2. `multiqc/fastq/*`: multiqc summaries of fastqc results
`multiqc/fastq/multiqc_data`: data reported using MultiQC <br>
`multiqc/fastq/multiqc_report.html`: html report using MultiQC <br>

Reports from this step are information rich. We not only manually inspected all of these reports, but also attempted at quatifying the quality of per tile quality reported by FastQC in `2_fastQC_inspection.R.ipynb`.

3. `multiqc/star/*`: multiqc summaries of STAR logs
Structure is similar to `multiqc/fastq/*`

4. `prune/*`: filtered bam files (duplicates NOT removed)
Files are named `{library}-{genome}.before-dedup.bam`; `*bai`: index files

5. `qc/*`: Per-barcode QC metrics and QC metric plots
`{library}-{genome}.metrics.png`: metric plot <br>
`{library}-{genome}.qc.txt`: text file with all metrics <br>
`{library}-{genome}.suggested-thresholds.tsv`: suggested thresholds using Multi-Otsu. Using the thresholds suggested here is optional, but is a good starting point to choose high quality cells.

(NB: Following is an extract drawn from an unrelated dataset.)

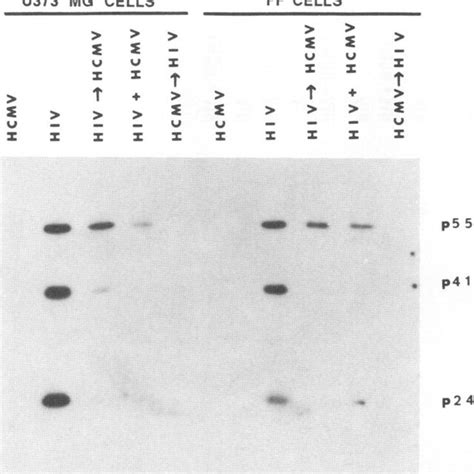 Effect Of Timing Of HCMV Infection On HIV Protein Synthesis U373 MG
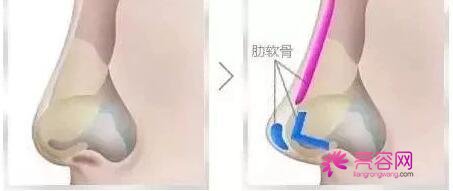 天津河东美莱医学于全双医生做隆鼻怎么样？医生口碑+双眼皮案例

6. `starsolo/*`: starsolo output
`starsolo/{library}-{genome}/{library}-{genome}.Solo.out/*`: Count matrices derived using a variety of counting methods (see more detail at https://github.com/alexdobin/STAR/blob/master/docs/STARsolo.md) <br>
`{library}-{genome}.Aligned.sortedByCoord.out.bam`: BAM output sorted by coordinates from STARsolo <br>
`{library}-{genome}*.out*`: different reports obtained as STARsolo is run

7. `emptyDrops/results/*`: metrics obtained using EmptyDrops
`*knee.txt`: locations of knee point, inflection point, and end of cliff point <br>
`*pass.txt`: barcodes detected using EmptyDrops at FDR < 0.005 <br>

Under the directory `pctMTusingBelowEndCliff_pctMtless30_FDR0.005/`: <br>
`*metrics.csv`: metric per barcode file. Columns `filter*` and `pass_all_filters` indicate whether a barcode satisfies QC thresholdings <br>
`*_passQC_barcodes.csv`: list of barcodes that satisfy QC thresholdings <br>

More details on how to obtain barcodes that satisfy QC thresholdings are in `3_barcode_qc.ipynb`.